Der Eifel-Patriarch, seit 1996 im Landtag und in der Kommunalpolitik schon lange zu Hause, kennt vor seiner Mentee keine Geheimnisse. Am Telefon quatscht er munter so, als sei sie nicht dabei. "Natürlich habe ich sie zur Verschwiegenheit verpflichtet", erzählt Billen. "Ich verstecke nichts. Sie hört zu, aber auch weg", sagt der Landwirt. Walburga Spoo staunt, wie politische Prozesse ablaufen. "Vor den Abstimmungen im Kreistag oder sonstwo ist alles schon in trockenen Tüchern", hat sie erfahren. Manche für die Entscheidungen tragenden Aspekte würden öffentlich gar nicht wahrgenommen. "Das ist alles sehr interessant. Man hat ja sonst gar keinen Einblick", erzählt sie.
Dass ihr Mentor politisch umstritten ist, hat Spoo selbstverständlich wahrgenommen. Sie hat sich ihr eigenes Bild von Michael Billen gemacht: "Ich schätze sein Durchsetzungsvermögen und seine Kampfkraft. Er ist ein echter Eifeler und hat eine Riesenerfahrung." Besonders gefällt Spoo, "dass er nie ein Blatt vor den Mund nimmt". Spoo hat noch etwas anderes gelernt: "Männer sind auch in der Politik anders als Frauen. Sie diskutieren oft laut, und wir fühlen uns dadurch gleich angegriffen." Während Frauen nachtragend seien, gingen die Männer nach einem Streit einen trinken. Dafür sei das weibliche Geschlecht feinfühliger und diplomatischer in Diskussionen.
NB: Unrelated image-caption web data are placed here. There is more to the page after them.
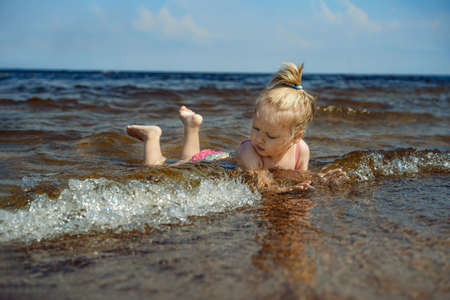 Little girl lying in sea in waves. image with selective focusの写真素材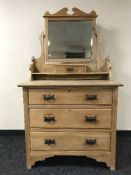 A late Victorian satin walnut dressing table with mirror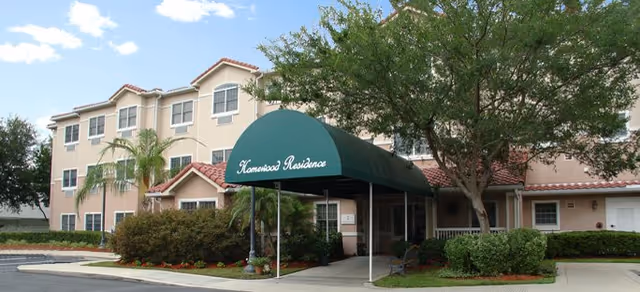 Exterior view of a beige senior living building with a green entrance canopy and landscaping.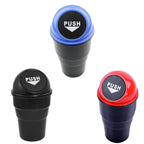 Car dustbin placed in a vehicle's cup holder, showcasing its snug fit.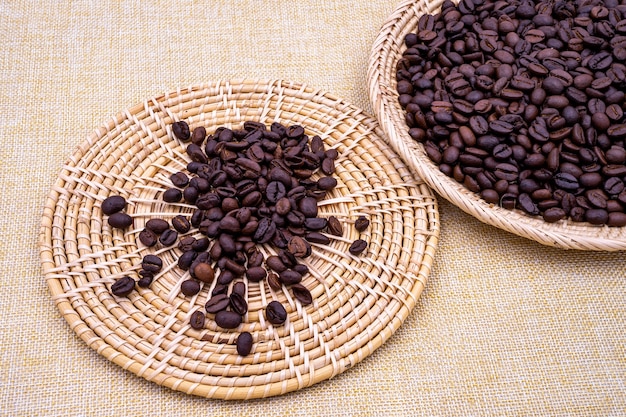 Pile of low quality roasted coffee beans on the rattan tray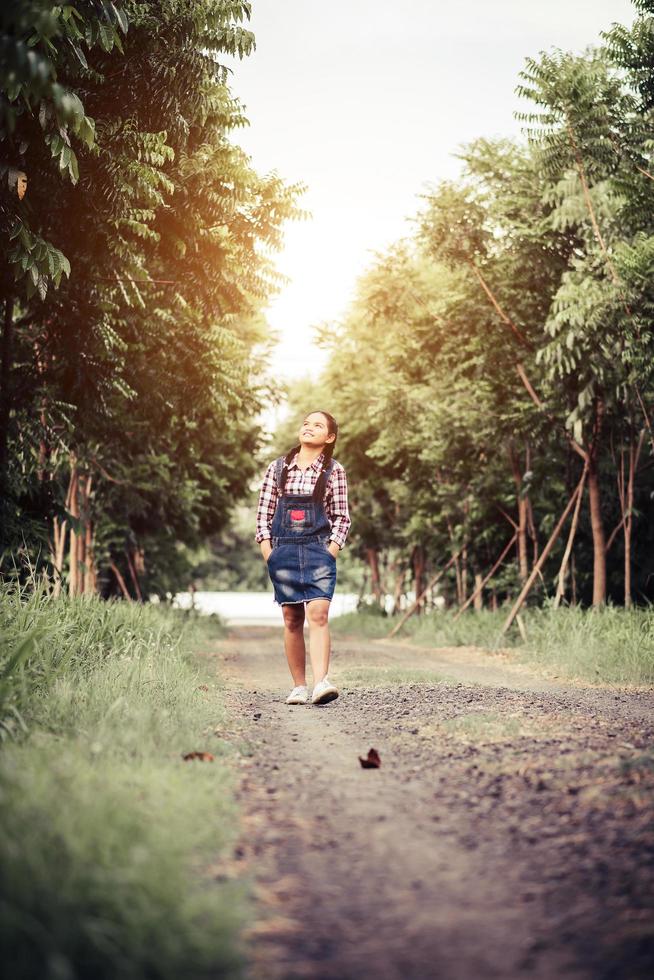 junges glückliches Mädchen, das in einem Wald im Sommer geht foto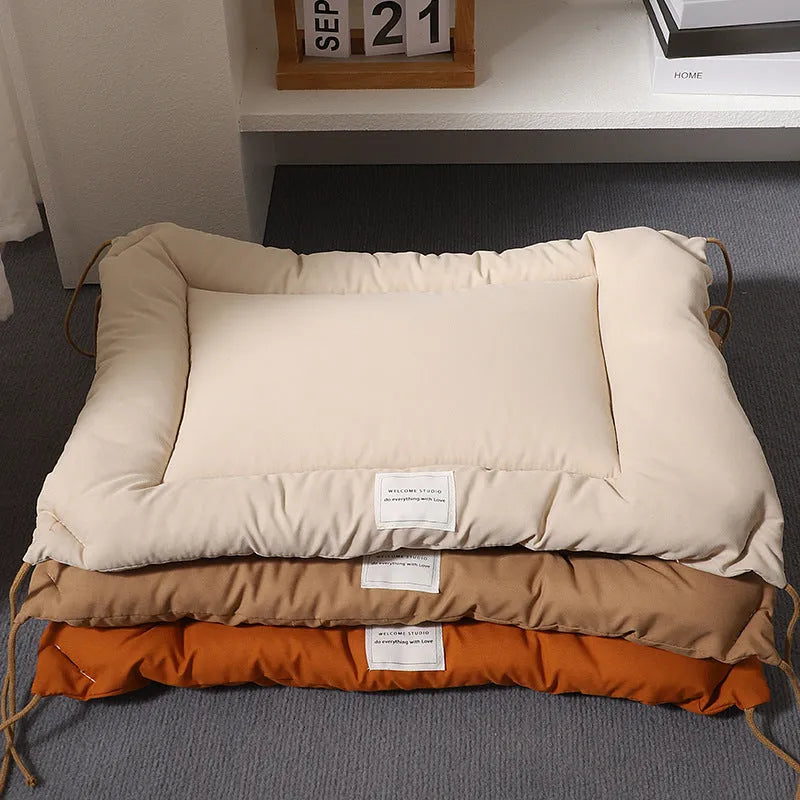 Tied cage cushion for dogs and cats in beige, showing platform attached to wire crate bars – size L.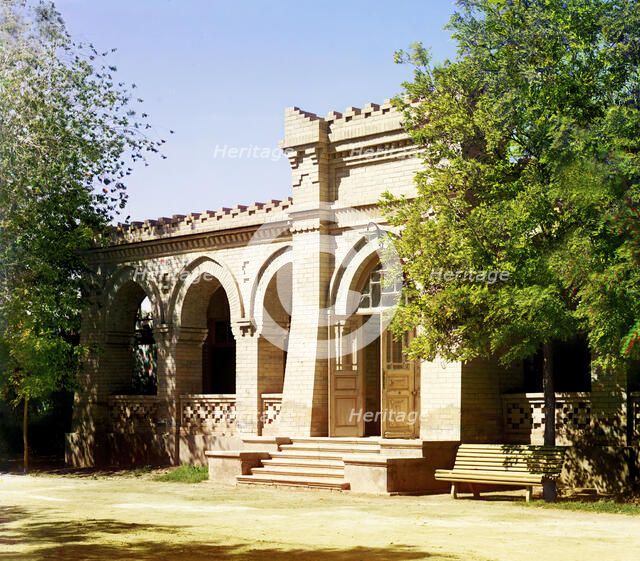Brick building with arched entrance and arcade, between 1905 and 1915. Creator: Sergey Mikhaylovich Prokudin-Gorsky.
Wenn das Mentoring-Programm Ende 2013 endet, fängt die Karriere als Politikerin für die Mentees erst an. "Das Werkzeug habe ich dann", blickt Spoo voraus. Sie liebäugelt damit, bei der Kommunalwahl für den Verbandsgemeinderat Prüm zu kandidieren. Auch der Kreistag sei interessant. Billen will ihr helfen, einen guten Listenplatz zu ergattern. "Eigentlich ist Politik ganz einfach: Man muss sich von einer Partei aufstellen lassen und anschließend gewählt werden", sagt der 57-Jährige. Dass genau das theoretisch leicht, aber praktisch viel schwerer ist, weiß Billen nur zu gut. Letztlich müssten sich die Frauen, die am Programm teilnehmen, durchsetzen. Dazu gelte es vor allem, den eigenen Bekanntheitsgrad zu steigern.